The output control signal generator 262 may include NAND gates G1 to G4 that input the output signals SEL1 and SEL2 to SEL4 of the counter 261 or the signals / SEL2 to / SEL4 inverted by the inverter. And NOR gates G11 to G14 that input common enable signals EWP to the respective output signals of these NAND gates G1 to G4. As shown in Table 1, byte signals ( When the pulses of LD2) are 1 to 16, only the output signal CNT1 is at high level, when the pulses are 17 to 32, only the output signal CNT2 is at high level, and when the pulses are 33 to 48, the output signal CNT3 is Only at high level, when the pulse is 49 to 64, only the output signal CNT4 is configured to change to high level. These output signals CNT1 to CNT4 are supplied as a selection control signal to the selector section 24 which selects the clock divided by the division circuit 23.

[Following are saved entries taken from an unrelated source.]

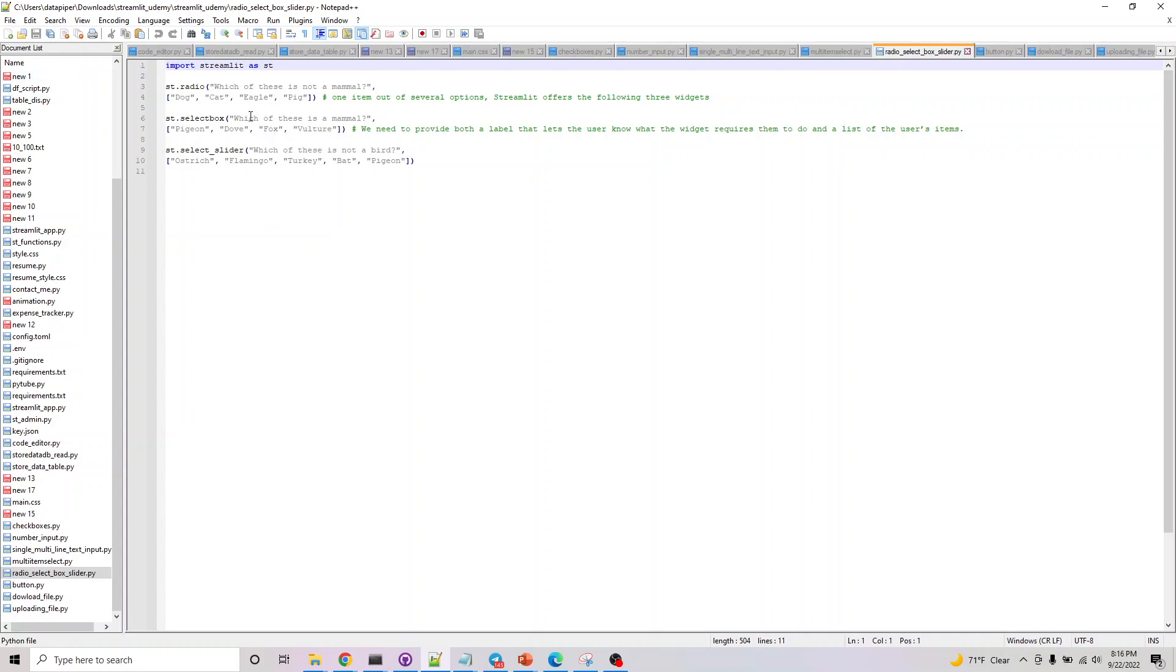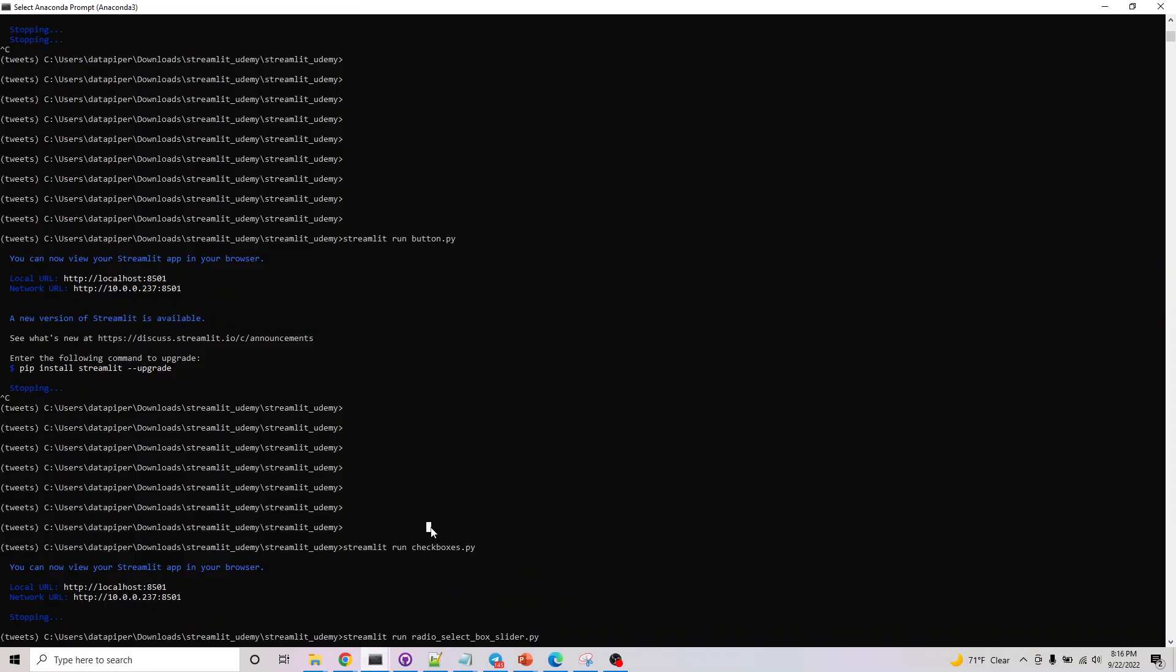Radio button lists the options as buttons - you have to pick one. Select is a dropdown, and slider is similar where you just have to move it by an equal distance to pick which option. Let's actually look at a demo before we wrap this up.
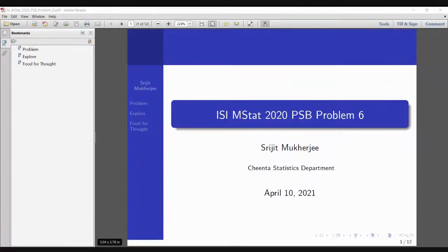Hello guys, so this is an interesting problem from ISI 2020 PSB Problem 6. The problem revolves around the idea of multinomial distribution and estimation of the parameters of multinomial distribution, and we'll go into that very quickly.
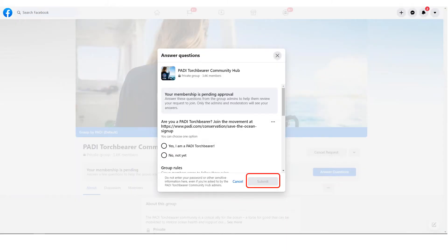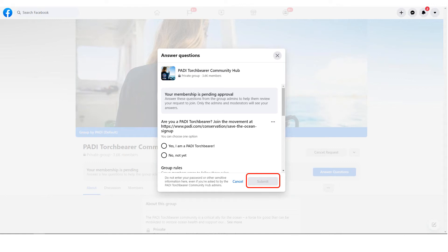You will now be required to follow the joining instructions. Many groups will ask you to fill out a form so that they can assess whether or not your page is suited to their group. For example, when users request to join the PADI Torchbearer Community Hub group, we ask them if they are a PADI Torchbearer and if they agree to follow the group rules.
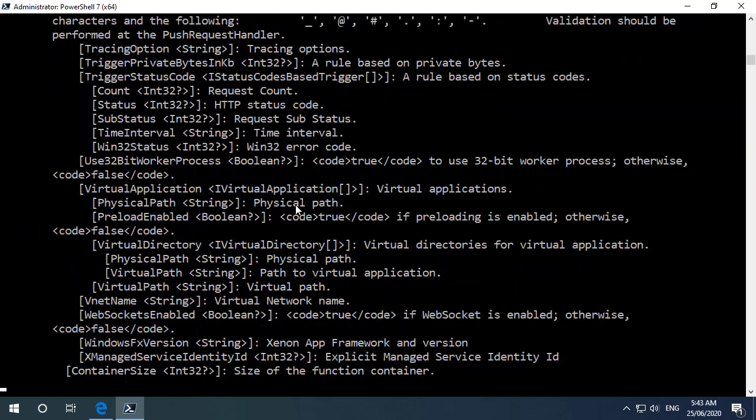So it is important to remember this is a version one release of the module but I think they've done a great job at giving us another tool in our tool set to deploy and manage function apps. Thanks very much for watching.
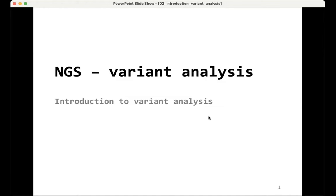So the introduction to variant analysis. We will start at a relatively low level, really with the beginning — probably some refreshment from an introductory genetics course at university — and from there it will become more specific to next generation sequencing.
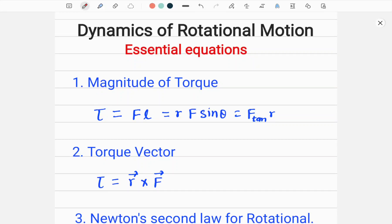In this video I am reviewing some very important essential formulas from the chapter Dynamics of Rotational Motion. Starting from the first one: the magnitude of the torque due to force F relative to point O, this is denoted by tau. Tau is equal to F times L, where F is the magnitude of F and L is the lever arm of F. This is also equal to R times F times sine of theta.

7 shows an example of the configuration of the selector section 24. The selector 24 receives inputs of the clocks OSC1, OSC2, OSC3, and OSC4 having different frequencies output from the frequency dividers 23a to 23d of the frequency divider 23, respectively. Transmission gates G21 to G24 such as clock in buffers using the signals CNT1 to CNT4 supplied from the control signal as a control signal, a NOR gate G31 that takes a logic of the signals CNT1 to CNT4, and the NOR gate ( A pull-up MOSFET (Qp) that is controlled on and off by the output signal of G31).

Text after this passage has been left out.